Tuberkelbazillen und Atemtröpfchen einer infizierten Person können die Abwehrmechanismen der oberen Atemwege (Nasenlöcher) umgehen und sich in den Alveolen der Lunge des anfälligen Individuums oder der anfälligen Bevölkerung festsetzen. Enger Kontakt und Kommunikation mit infizierten Personen können auch durch die Freisetzung von Aerosolen oder Tröpfchen, die infektiöse Tuberkelbazillen enthalten, zu einer Infektion führen. M. tuberkulose betrifft eine Vielzahl von Organen im Körper, einschließlich Lunge, Nieren, Wirbelsäule, Hirnhäute, Gehirn, Magen-Darm-Trakt und Blutgefäße. Ältere Menschen, medizinisches Personal in Kontakt mit Risikogruppen, Menschen mit geschwächtem oder geschwächtem Immunsystem, Obdachlose, Gefängnisinsassen, alkoholarme Männer, intravenöse (IV) Drogenkonsumenten, unterernährte Personen, Flüchtlinge und Überbelegung sind einige der prädisponierenden Faktoren und Personen mit einem Risiko, an Tuberkulose zu erkranken. Afrika südlich der Sahara, einige Teile Asiens, der Westpazifik und Lateinamerika haben eine der höchsten Inzidenzen von TB-Infektionen weltweit. TB ist eine wichtige Volkskrankheit, die aufgrund ihrer Sterblichkeits- und Morbiditätsrate von globaler Bedeutung ist. Die Krankheit tritt in einigen Gebieten wieder auf, und einige sind resistent M. tuberkulose Es gibt jetzt Stämme, die es schwierig machen, die Infektion zu behandeln und zu behandeln. TB ist die häufigste opportunistische Infektion bei Menschen mit HIV/AIDS (PLWHA) und sogar bei anderen immungeschwächten Personen.

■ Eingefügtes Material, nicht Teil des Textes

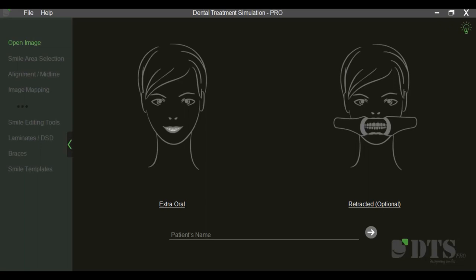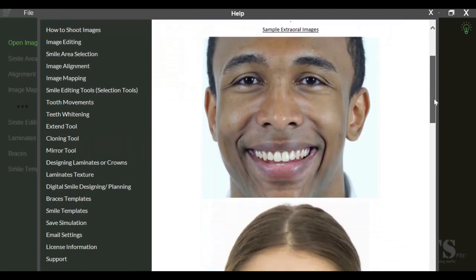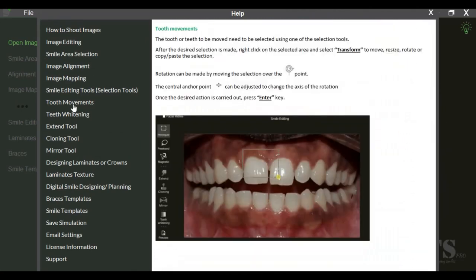Welcome to the functionality overview of DTS Pro, a revolutionary one-of-its-kind dental treatment simulation and digital smile designing software. DTS Pro has a quick and easy-to-use interface that guides the user at every stage, right from photography protocol to carrying out different types of simulations.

PATHOGENESE VON MYKOBAKTERIUM-TUBERKULOSE INFEKTION

M. tuberkulose ist ein durch die Luft übertragener Krankheitserreger, und daher führt der Hauptweg der Übertragung oder der Erwerb der Krankheit über die oberen Atemwege / Atemwege (Abbildung 1). Eine Infektion mit dem Tuberkelbazillus, M. tuberkulose, wird normalerweise nach Inhalation von mikroskopisch kleinen Partikeln (bekannt als Tuberkelbazillen) in Aerosolen oder Tröpfchen eingeleitet, die von einem aktive Lungentuberkulose. Die Inkubationszeit der Krankheit nach der Infektion beträgt in der Regel 4-12 Wochen. Eine Exposition gegenüber M. tuberkulose kann zu einer Infektion führen, die meisten Infektionen führen jedoch nicht zu einer TB-Erkrankung, abhängig vom Immunzustand der betroffenen Person oder Bevölkerung. Menschen mit einer aktiven pulmonalen TB-Erkrankung stoßen beim Niesen, Husten, Auswurf/Spucken oder Sprechen eine Vielzahl von infektiösen mikroskopisch kleinen Tuberkelbazillen in die Atmosphäre aus. Da die infektiöse Dosis von TB sehr gering ist (ca. 5-10 Bakterien), kann das Einatmen von nur 10 Bakterienpartikeln in Aerosolen, Tröpfchen oder Staubpartikeln eine Infektion verursachen oder auslösen.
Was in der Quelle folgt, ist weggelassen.